Apache Lucene-like Lucy gets first incubator release
The full-text search engine Lucene has a smaller sibling project in development, Lucy. The project, which was accepted as an incubator project by the Apache Software Foundation a year ago, has just released its first incubator version, 0.1.0, written mainly in C. It aims for speed and simplicity, but has dropped full compatibility with its bigger sibling.
Lucy started life as Kinosearch, created by Marvin Humphrey and other developers; in July 2010 Humphrey applied for it to be given the status as a Apache incubator project.
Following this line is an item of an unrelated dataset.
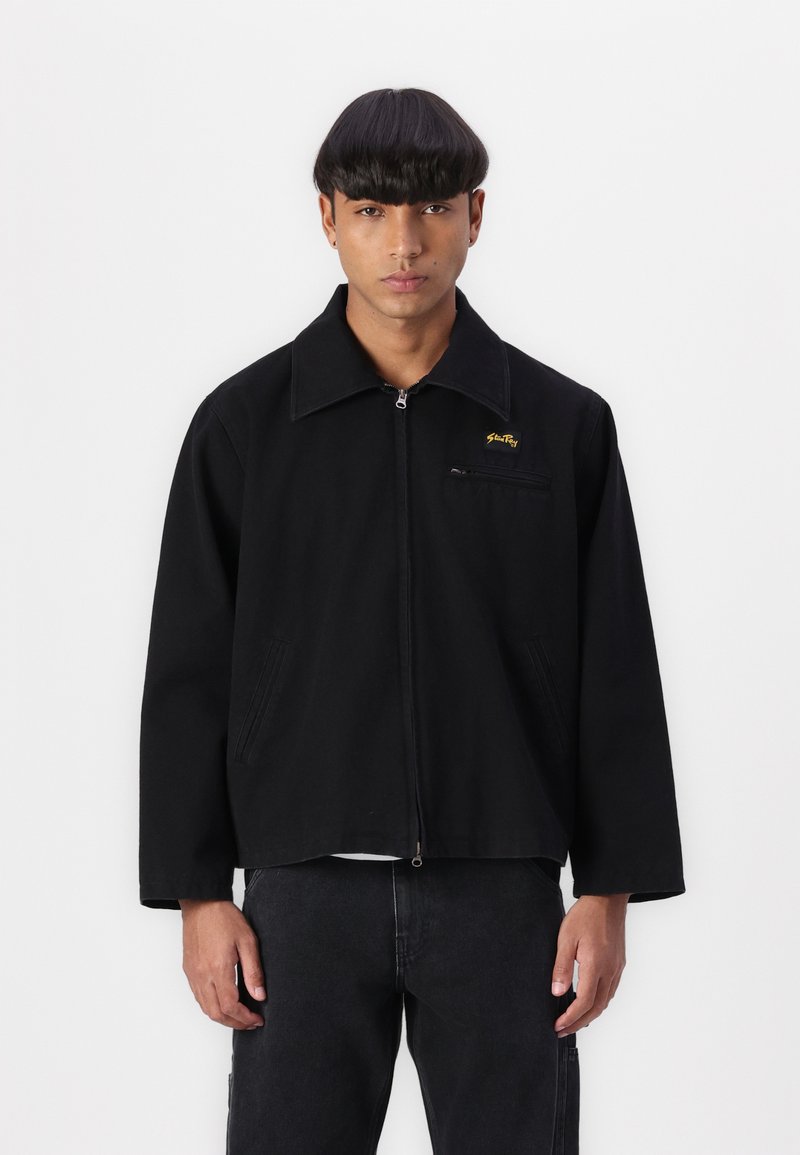 Juoda zip-up striukė su smailiu apykakle, priekinių kišenių ir siuvinėtu geltonu logotipu kairėje krūtinės pusėje. Savybės: laisvas kirpimas ir tvirta medžiaga.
This is a process set up by the Apache foundation to form communities and resolve legal issues for new projects that are hosted under the foundation's umbrella.
The full-text search engine library is written in C and uses Clownfish, a lightweight object oriented framework, that makes it easy to implement connectors for other programming languages. At the moment Lucy ships only with Perl bindings.
In their FAQ, the developers claim that, currently, the main advantage is more the starting time of the engine than the actual search performance, which is on par with Java-implemented Lucene. Nathan Kurz, a contributor to the code base, explains the design philosophy: "We use 'mmap()' heavily, and when running on 64-bit systems take liberal advantage of the giant address space. Using the system to do more of the buffering also allows us to have lightweight processes that can start quickly."
The released 738 KB library source code archive is labelled as version 0.1.0-rc3 and comes with Perl bindings, a sample indexer and a copy of the US Constitution. Lucy can be downloaded from the project's incubator pages and is licensed under the Apache Licence 2.0.
(Nils Magnus / djwm)